The second step is to reduce the amount of memory required by doing the operation blockwise. The idea is pretty simple: We are somewhat constrained by memory bandwidth, especially since the matrix-matrix product is rather "thin". Plus it helps with the step after this.
Here I pick a block size of 384 rows.
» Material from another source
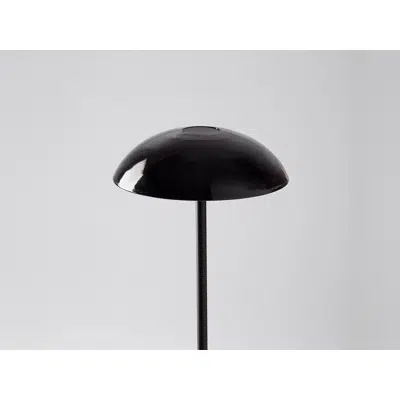 ABSIDIOLA PLATO BLACK floor lamp için görüntü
My rule of thumb is that the inputs and outputs should fit into the L2 cache (128-256 kiB, possibly shared by 2 threads) and that it should be a multiple of 16 for good vectorization across the board. 384 rows * 42 columns * 4 byte per float = 64 kiB. Adjust as required for other scalar types but from my tests it is actually not very sensitive.
Take care to use Eigen::Ref or appropriate templates to avoid copies, as I did here in the compute helper function.
namespace {
void compute(const Matrix& PhiD, const Eigen::Ref<const Matrix>& DPhi,
float factor, Eigen::Ref<Vector> Rho)
{
Rho = PhiD.cwiseProduct(DPhi).rowwise().sum() * factor;
}
} /* namespace anonymous */
void computeFVarsSigma(const int DFAType, const Matrix& D_sigma,
const Matrix& Phi, const Matrix& DPhiDx, const Matrix& DPhiDy,
const Matrix& DPhiDz, Vector& Rho, Vector& DRhoDx, Vector& DRhoDy,
Vector& DRhoDz)
{
const Eigen::Index n = Phi.rows(), blocksize = 384;
Rho.resize(n);
if(DFAType == 1)
for(Vector* vec: {&DRhoDx, &DRhoDy, &DRhoDz})
vec->resize(n);
Matrix PhiD;
for(Eigen::Index i = 0; i < n; i += blocksize) {
const Eigen::Index cur = std::min(blocksize, n - i);
PhiD.noalias() = Phi.middleRows(i, cur) * D_sigma;
compute(PhiD, Phi.middleRows(i, cur), 1.f, Rho.segment(i, cur));
if (DFAType == 1) {
compute(PhiD, DPhiDx.middleRows(i, cur), 2.f,
DRhoDx.segment(i, cur));
compute(PhiD, DPhiDy.middleRows(i, cur), 2.f,
DRhoDy.segment(i, cur));
compute(PhiD, DPhiDz.middleRows(i, cur), 2.f,
DRhoDz.segment(i, cur));
}
}
}
This is another speedup by a factor of 1.75.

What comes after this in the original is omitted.